Earl Keen has been on the country music scene since 1984, recording 18 albums and having several huge hits under his belt. He is a legend among Texas country music stars, and his appearance at Rodeo Houston will definitely bring a Texas flavor to the city’s biggest event. So, to get you ready for his rocking performance in March, here are five things you may not have known about Robert Earl Keen.
1. His younger sister introduced him to the Houston scene.
Robert Earl Keen had a number of great influences in his life, but none more so than his younger sister, Kathy.

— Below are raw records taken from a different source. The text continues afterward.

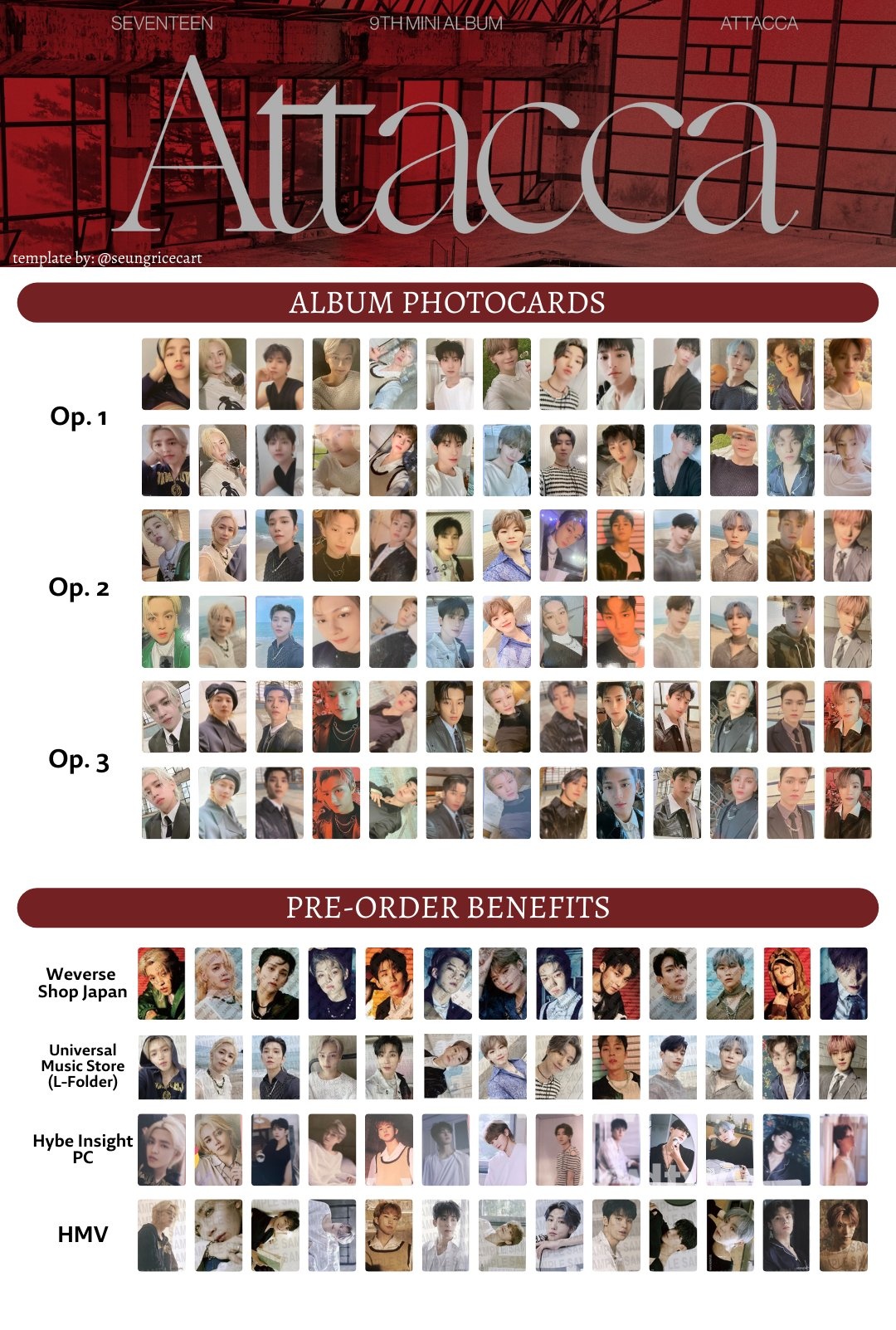 SEVENTEEN attacca ラキドロ　ジョシュア　トレカ 2025年最新】ジョシュア attacca ラキドロの人気アイテム - メルカリ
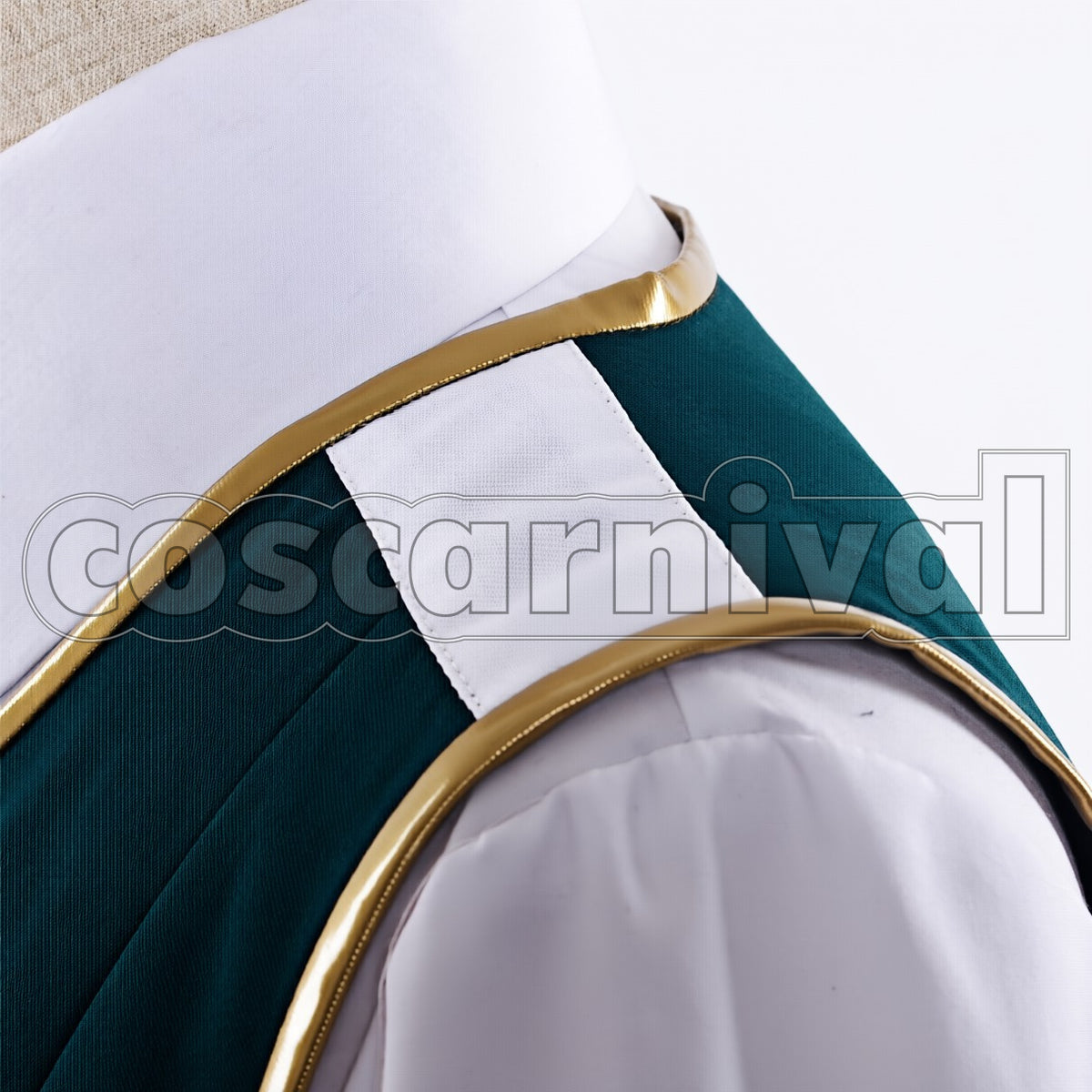 Tanpopo Kuraishi cosplay costume from Witch Craft Works, detail-7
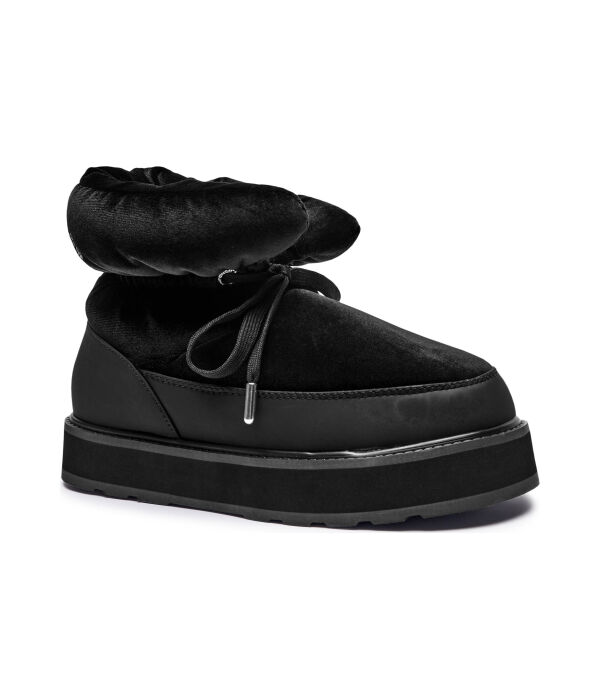 Утепленные зимние ботинки tanyel Juicy Couture, черный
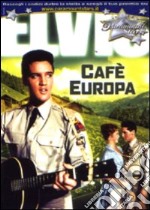 Elvis Presley - Cafe' Europa dvd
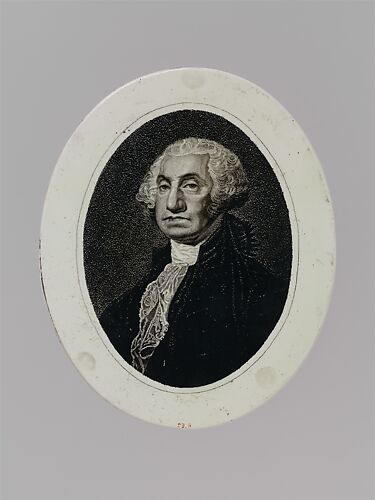 Medallion of George Washington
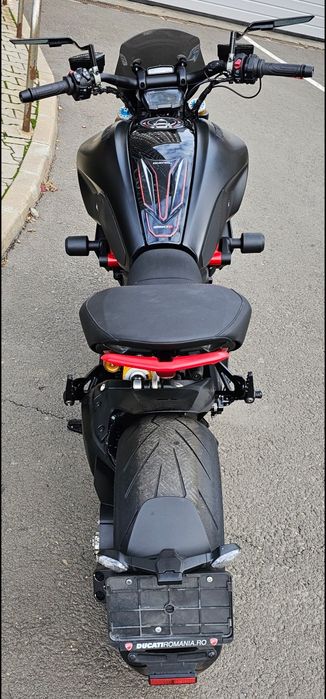 Ducati Diavel 1260 S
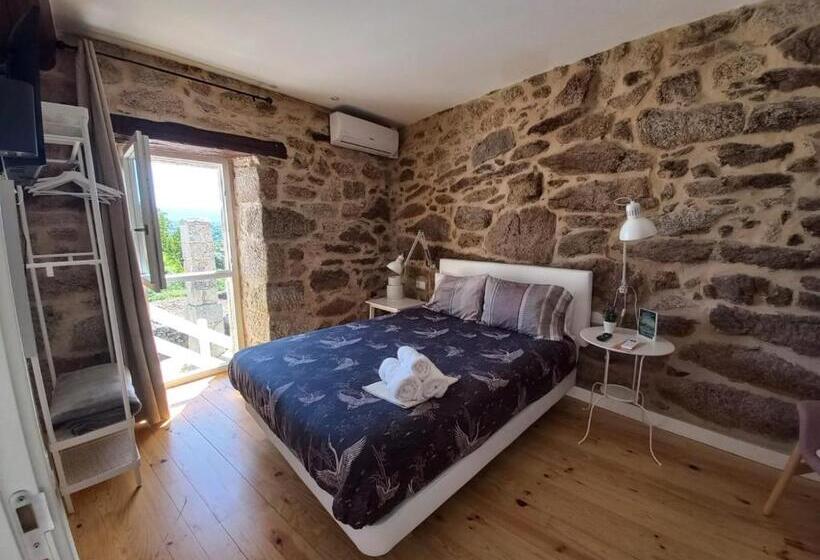 Pensión O Corazón Da Ribeira Sacra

According to an interview with Lone Star Magazine, Keen said that she introduced him to the city's music scene by taking him to the local bars.
2. He’s a Hall of Fame songwriter.
For the past 35 years, Robert Earl Keen has been supplying great Texas Country music to the world. All of his songs come from him, and for that, the Texas Heritage Songwriters Hall of Fame inducted Earl Keen in 2012. Joining him in that class were fellow legends Lyle Lovett and the late Townes Van Zandt.
3. Before he got into country, he was a fan of English rock.
You may think that Robert Earl Keen was a fan of country music all his life, and you’d be mostly right. One of his influences was Willie Nelson. But, few know that he was also a fan of English rock, most notably the Cream, which featured future singer/songwriter legend, Eric Clapton.
4. He graduated with a Bachelor of Arts in English in college.
Robert Earl Keen went to college at Texas A&M University, where he graduated with a Bachelor of Arts in English in 1978, It was also at Texas A&M where he began to formulate his legendary songwriting, starting with writing bluegrass and folk music with his college buddies.
5. He’s a native of Houston.
Playing at Rodeo Houston has always been a hallmark of Robert Earl Keen’s career. Why? Because he’s from Houston. Born on Jan. 11, 1956, Earl Keen is a Houstonian through-and-through, and he still lives there to this day. So, playing at Rodeo Houston for Earl Keen is like playing in front of friends and family, because all of Houston could very well be considered friends and family.